- to get me a PhD
- to learn to write - more than writing because communication includes presenting research
- to find how (good?) clients engage with external consultants
- to argue the value of using consultants
The public sector uses consultants in many different areas: IT, management, legal, construction, training. As a large proportion of public spending is on IT, and because I have a background in IT, I chose to focus my research on II projects.
IT projects draw in different types of people: consultants, developers, users, managers, third party suppliers of hardware, software and of contractors. Contractors may come with particular development skills. So a project may be made up of civil servants and consultants who consider the civil servants as their clients, but also made up of contractors, who work alongside the civil servants developing IT projects. Such a plethora of roles implies a variety of relationships and it's the relationships that my research's focusing on. How do these relationships start, grow, get maintained but particularly what are the relationships between client and consultants?
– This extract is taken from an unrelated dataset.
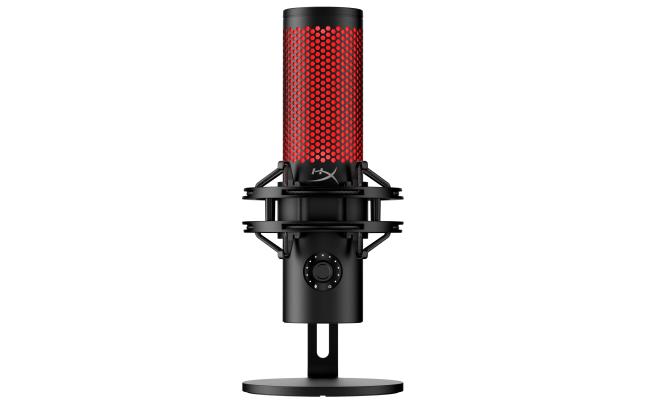 HyperX QuadCast 2 USB Hi-Res Studio-Quality & Performance Black Microphone For Gaming, Streaming, Podcasting, Red LED For PC, PS4, PS5 and Mac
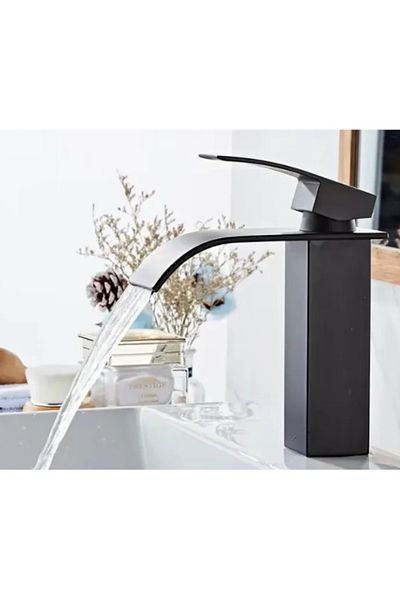 TrioStore Baterie Chiuveta Baie, Tip Cascada, Monocomanda, Design Minimalist, Racorduri Incluse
For work to be effective in leading to a finished project, the NAO exhorts clients and consultants to engage. But it is unclear what engagement is - just that it's something expected from both client and consultant doing something together.
Engagement is not the same as collaboration, which is an organisational arrangement.
Engagement is not user participation in IT testing, which might be part of a job role.
Engagement seems to be of hearts and minds: enthusiastic intrinsic motivation to get a job done well, and consultants can oil the wheels to give that flowing engagement between people. That means consultants mediate and it's the mediation that enhances engagement that leads to effective working on a project.
But are all consultants mediators? Some mediate at a strategic level, influence strategy, others mediate between project members (as does a project manager) influencing tactics and relationships. But if they get it wrong, consultants may deter engagement, not encourage it or even prevent it. Which leads to another question: how can the public sector best engage with consultants to engender engagement.
Engagement creates engagement. Yes - there's research evidence from psychology that suggests that recursion and queries it: which comes first, engagement leads good relationships, or good relationships lead to engagement? And what's best? That might be where I need to bring in Habermas to find a spectrum of engagement.
More questions; more research; more questions.